R: Feature selection in Affinity Propagation

Rookie here for help.

So I'm doing some clustering on a dataset, using Affinity propagation, APcluster. Now I have a few problem want to address:

1: visualization, apparently the Plot() function doesn't like my table when there are more than 15 features. Any method to bypass this?

2: related to 1, so I thought I can reduce the features from the table by using PCA, or check correlation. The former will give me 2-3 key component to work with, and the latter should allow me to eliminate the redundant ones. However, PCA isn't doing great, PCA1 and 2 only accounts for 22% ...

So is there a chance to build a loop, in which I could randomly select on feature from the table and drop it, ran the APcluster with the remaining features, and iterate this process for all features. And compare the resulting clustering results to see which features are redundant and which feature are key players.

Obvisouly, this demands to know what are the good results. This question 2 part is where I have no idea how to achieve, in both coding and clustering knowledge. Could really appreciate some guidance.

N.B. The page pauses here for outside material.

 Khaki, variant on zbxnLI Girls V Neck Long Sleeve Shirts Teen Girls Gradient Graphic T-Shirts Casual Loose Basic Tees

Below is the minimum mock data and my codes for APcluster:

#minimum dataset
Id <- c(1:30)
timestamp <- rep(c("20200512","20180212","20181204" ),10)
f_1 <- runif (30, 0.0, 20)
f_2 <- runif (30, 0.0, 500)
f_3 <- runif (30, 0.0, 15)
f_4 <- runif (30, 0.0, 8.6)
f_5 <- runif (30, 0.0, 200)
f_6 <- runif (30, 0.0, 250)
f_7 <- runif (30, 0.0, 2000)
f_8 <- runif (30, 0.0, 35)
f_9 <- runif (30, 0.0, 20)
f_10 <- runif (30, 0.0, 14)
f_11 <- runif (30, 0.0, 10)
f_12 <- runif (30, 0.0, 89)

df <- data.frame(Id,timestamp,f_1,f_2,f_3,f_4,f_5,f_6,f_7,f_8,f_9,f_10,f_11,f_12)

#drop labels
sampleID <- df$Id
Time <- df$timestamp
sampleID <-NULL
Time <- NULL
#scale numerical data     
scaled_df <- scale(df[,3:14])

#APcluster
library(apcluster)
apres <- apcluster(negDistMat(r=2), scaled_df, details=TRUE)

show(apres)

plot(apres, df)

Solution

I think you should not be preoccupied with choosing the variables for clustering but go ahead with the visualization and make sense of the clustering.

If there is indeed signal, meaning some indications of separation in your dataset, most clustering algorithms will use more of the useful columns. So for example in the example below, I use the iris cluster, but added 10 more nonsense columns:

library(apcluster)
set.seed(100)
df = iris[,1:4]
df = cbind(df,matrix(rnbinom(nrow(df)*10,mu=10,size=1),ncol=10))
scaled_df = scale(df)
pca = prcomp(scaled_df)
plot(pca$x[,1:2],col=iris$Species)

Above you can see that if you project onto the first PCs, you can still see that separation that was coming from the original data. Looking at variance explained, it's about 30%, which makes sense because the other columns are simply noise:

head(100*(pca$sdev^2)/sum( (pca$sdev^2)))
[1] 21.624484  9.839297  9.657884  8.239994  7.875396  7.289238

Now, if we do the clustering, we can also take out the cluster id and not be restricted to the plot function provided by the package:

apres <- apcluster(negDistMat(r=2), scaled_df,q=0.01)
clusters = apres@clusters
clusterid = data.frame(
cluster = rep(1:length(clusters),sapply(clusters,length)),
obs = unlist(clusters)
)

clusterid = clusterid[order(clusterid$obs),]
head(clusterid)
      cluster obs
1       2   1
2       2   2
3       2   3
4       2   4
5       2   5
6       2   6

Now we have a data.frame that tells us for every observation we provided as input, the cluster assigned. Let's project this onto the pca to see how it's separated:

library(RColorBrewer)
COLS = brewer.pal(length(unique(clusterid$cluster)),"Set3")
plot(pca$x[,1:2],col=COLS[clusterid$cluster],pch=20,cex=0.5)

We can look at the variables that contain the signal,

plot(df[,1:2],col=COLS[clusterid$cluster],pch=20,cex=0.5)

And those that don't:

plot(df[,9:10],col=COLS[clusterid$cluster],pch=20,cex=0.5)

So if there is indeed a sensible way of clustering your data, which your pca suggest, then using the approach above, you can already explore your data and find out whether the clustering makes sense. Tune your clustering parameters and you can easily visualize the end result.